Researchers develop blood tests that could reveal eight cancers

John Hopkins UniversityJohn Hopkins University

Researchers in the United States have developed a blood test that can reveal eight different types of cancer.

 

Researchers at John Hopkins University in Baltimore, USA, hope that taking such tests each year will reveal cancers early, and save lives.

‘Early detection is critical, and the results are very encouraging.

I think this can have enormous significance for the mortality rate for cancer,’ said Dr. Cristian Tomasetti at the Faculty of Medicine at John Hopkins University to the BBC.

Cancer tumours release small traces of altered DNA and proteins that may end up in the bloodstream. The blood test test looks for changes in 16 genes that occur regularly in cancer cases, as well as eight proteins.

The test revealed 70% of cancers in 1,005 patients with existing ovarian, liver, stomach, pancreas, oesophagus, stomach, lung,and breast cancers, wrote the Science Journal.

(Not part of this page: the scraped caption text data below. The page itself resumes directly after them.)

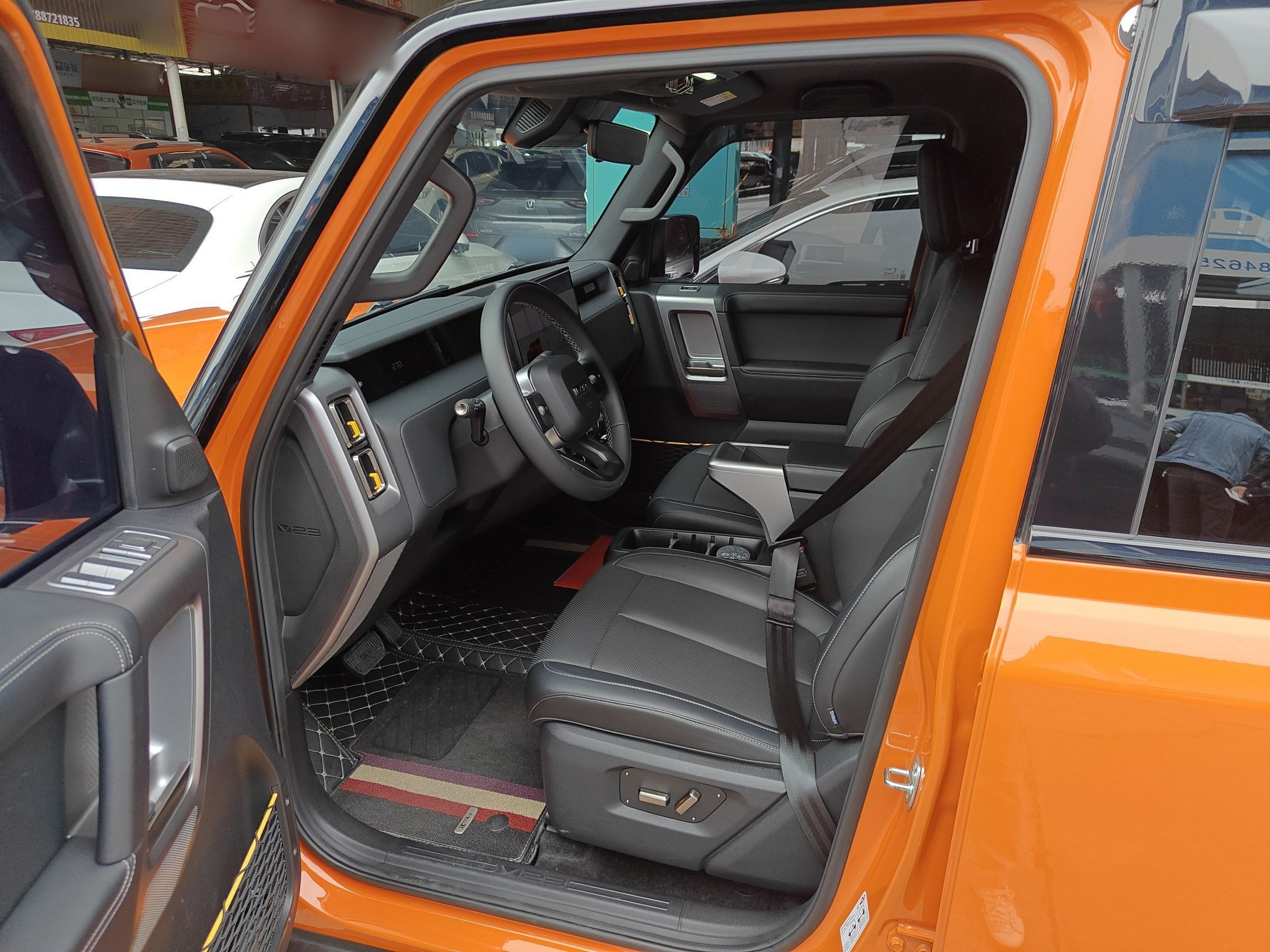 المقاعد الأمامية داخل السيارة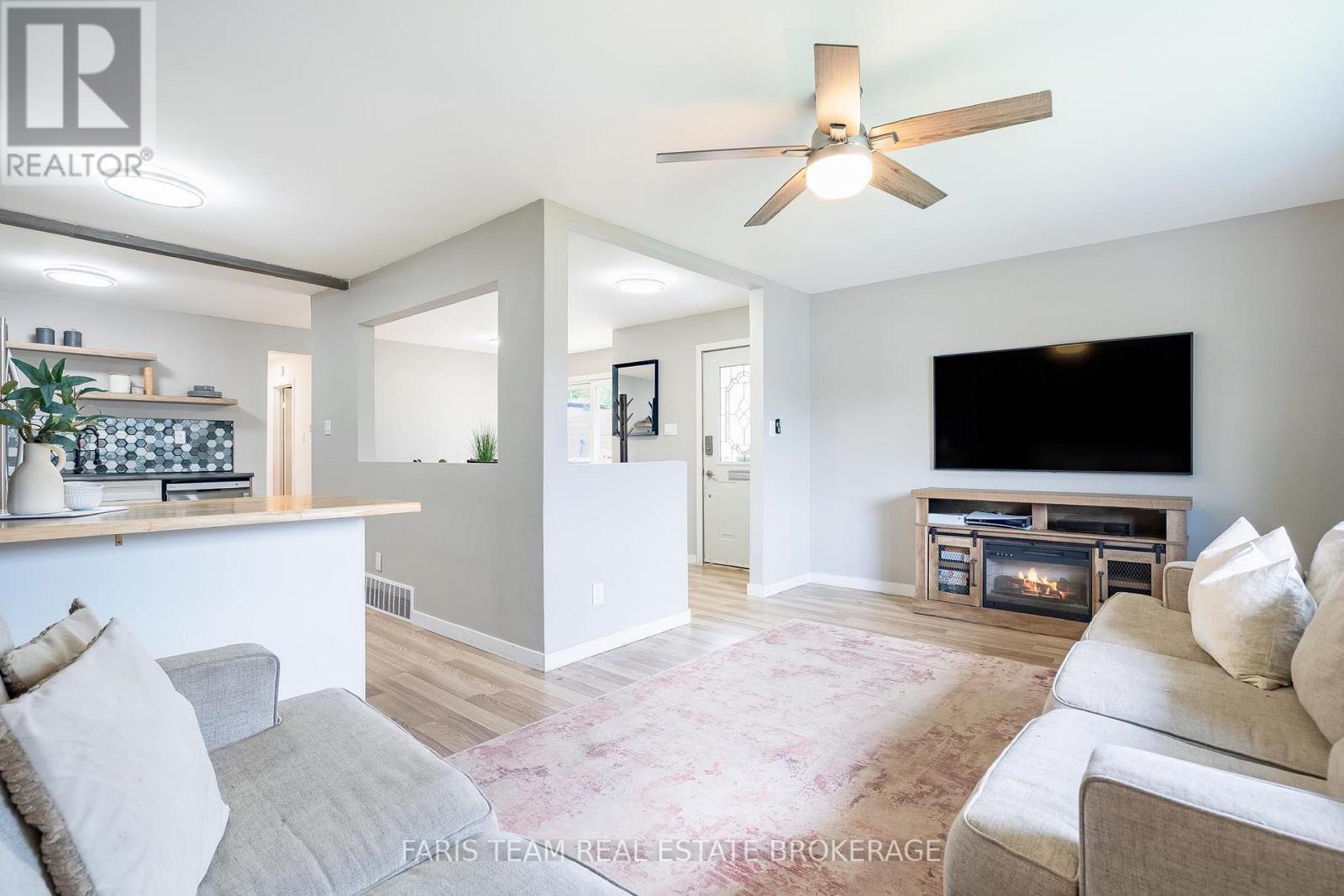 109 Daphne Crescent, Barrie, ON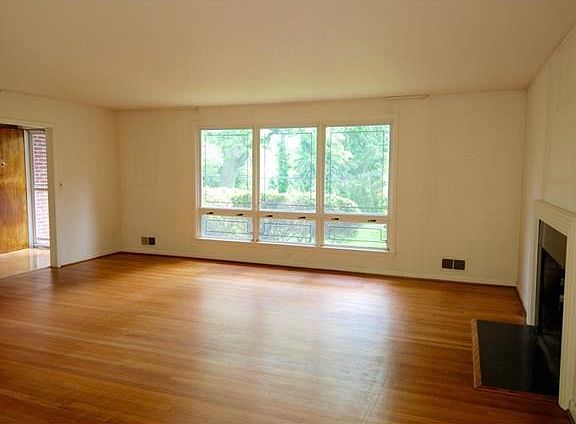 Living Room looking towards front entry.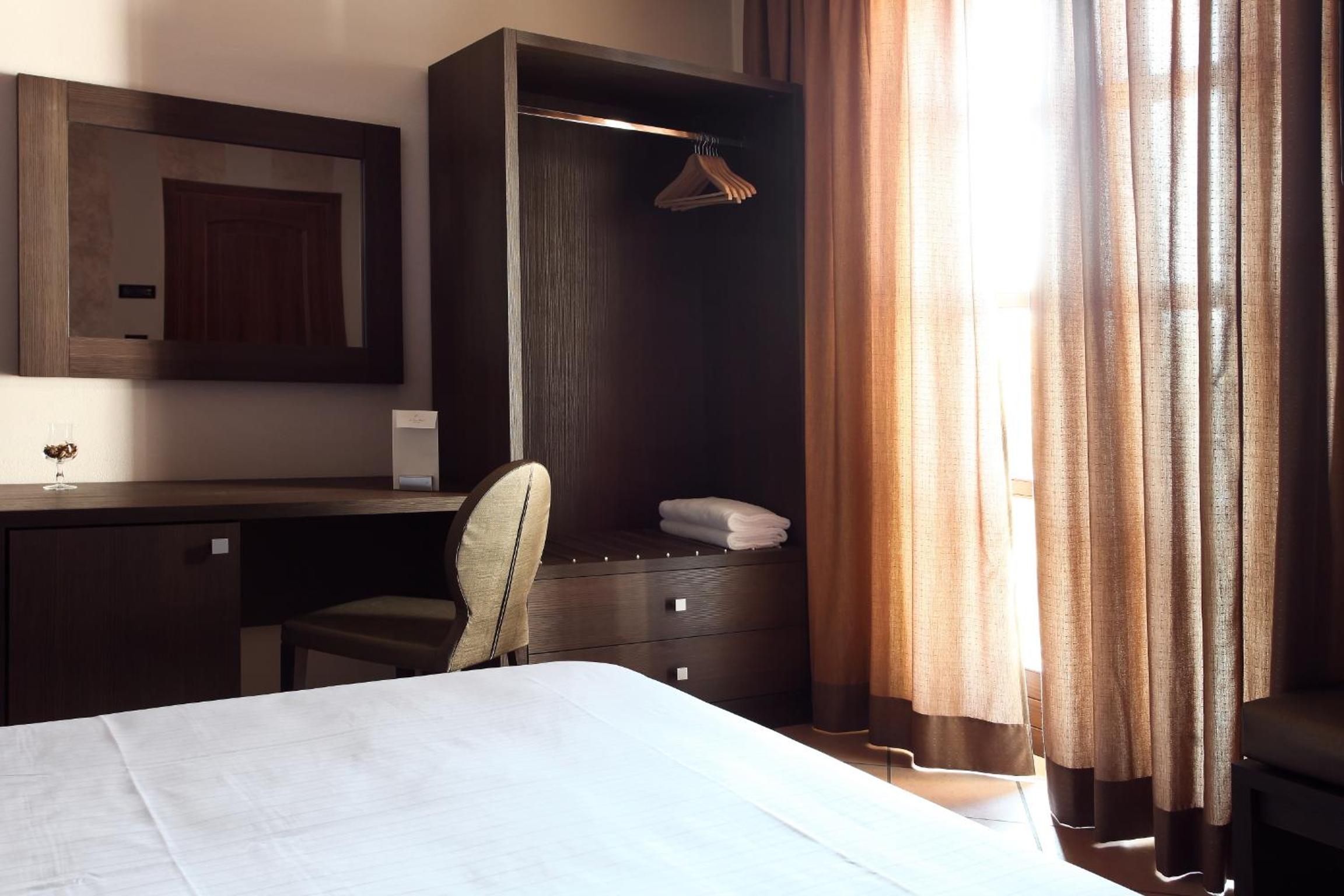 Double or Twin Room with Balcony photo 1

The researchers are now searching for people who have not shown cancer symptoms before, to participate in new tests. It will be the real proof of how useful such a blood test may be, the researchers pointed out.

‘I’m incredibly excited. This is the Holy Grail – a blood test that can diagnose cancer without all the other methods of scanning or colonoscopy,’ said Gert Attard, head of the Center for Evolution and Cancer at the Institute of Cancer Research in London.